Space autism isn't innately less popular, it's the dumb bullshit space autism can lead to and how you package it/make gameplay out of it that leads to certain "autistic" games being "less popular" (Elite: D, which is my go to example of autism gone bad, sold >3 million copies somehow, so the less popular part is debatable). Elite Dangerous' in system travel is a good example. Hooray the scale is realistic and you don't get hollywood-dense asteroid fields, just a depressing empty black void, let's have the player waste 5+ minutes starting at a black screen with some orange text on it while he gets from planet A to planet B. And then let's penalize the players for not having saint-like patience with a deceleration mechanic that has 0 gameplay impact, besides wasting more of the player's time if he fails. This is on top of it not making sense in-universe to not have some kind of automation for this kind of tedium and it forms the bulk of the gametime.

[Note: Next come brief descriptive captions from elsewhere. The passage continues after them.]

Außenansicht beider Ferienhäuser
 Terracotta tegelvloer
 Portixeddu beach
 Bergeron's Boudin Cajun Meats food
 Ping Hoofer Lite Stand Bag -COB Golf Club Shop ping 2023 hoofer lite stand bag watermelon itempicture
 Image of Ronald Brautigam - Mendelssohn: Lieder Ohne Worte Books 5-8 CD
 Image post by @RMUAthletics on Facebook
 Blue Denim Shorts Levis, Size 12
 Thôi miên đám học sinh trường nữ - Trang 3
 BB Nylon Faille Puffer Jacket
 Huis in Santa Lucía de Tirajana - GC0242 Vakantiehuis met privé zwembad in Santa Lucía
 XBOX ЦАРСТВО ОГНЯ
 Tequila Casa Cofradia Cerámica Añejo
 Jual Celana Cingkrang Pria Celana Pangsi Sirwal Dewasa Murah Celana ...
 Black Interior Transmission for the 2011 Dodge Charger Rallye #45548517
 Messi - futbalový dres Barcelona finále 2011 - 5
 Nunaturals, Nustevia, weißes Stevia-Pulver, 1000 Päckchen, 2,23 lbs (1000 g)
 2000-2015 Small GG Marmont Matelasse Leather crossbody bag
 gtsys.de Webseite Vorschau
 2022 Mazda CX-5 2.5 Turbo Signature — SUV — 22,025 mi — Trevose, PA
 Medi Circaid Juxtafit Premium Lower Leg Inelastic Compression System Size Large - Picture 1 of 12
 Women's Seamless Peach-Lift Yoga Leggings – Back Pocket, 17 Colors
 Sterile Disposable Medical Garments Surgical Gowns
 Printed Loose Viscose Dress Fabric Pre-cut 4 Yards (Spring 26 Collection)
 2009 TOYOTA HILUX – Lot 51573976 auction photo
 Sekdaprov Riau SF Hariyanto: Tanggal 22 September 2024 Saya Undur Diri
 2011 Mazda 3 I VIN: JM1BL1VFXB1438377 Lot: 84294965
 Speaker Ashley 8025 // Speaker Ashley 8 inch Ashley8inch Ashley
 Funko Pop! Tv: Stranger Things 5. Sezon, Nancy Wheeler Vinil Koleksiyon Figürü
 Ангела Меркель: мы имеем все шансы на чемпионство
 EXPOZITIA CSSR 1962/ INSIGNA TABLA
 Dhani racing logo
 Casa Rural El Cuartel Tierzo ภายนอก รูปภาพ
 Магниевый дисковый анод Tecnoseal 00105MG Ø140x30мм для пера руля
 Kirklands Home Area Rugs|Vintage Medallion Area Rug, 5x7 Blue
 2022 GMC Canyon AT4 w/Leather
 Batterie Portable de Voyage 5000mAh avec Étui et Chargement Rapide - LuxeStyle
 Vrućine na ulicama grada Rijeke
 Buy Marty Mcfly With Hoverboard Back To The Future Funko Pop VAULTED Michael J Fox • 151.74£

I'm not sure what Braben was thinking here, he wanted to immerse players in the boredom of long haul space flight? Yeah, well, maybe some things should just be implied rather than experienced, but hey in Elite:D you can experience the boredom in VR too! Was there a fucking GAME designer on the team? I mean FFS, arguably more autistic spaceflight titles like KSP or Orbiter acknowledge that space flight involves too much boredom/downtime where nothing happens, so you need a time acceleration button to skip past it to the actual gameplay. Hell, KSP also sold north of 3 million copies similar to Elite:D, so it shows that you can throw more autistic concepts at the player as long as you at least try to package it in some kind of gameplay that works, even if the packaging is clunky and janky and made by a gifted amateur.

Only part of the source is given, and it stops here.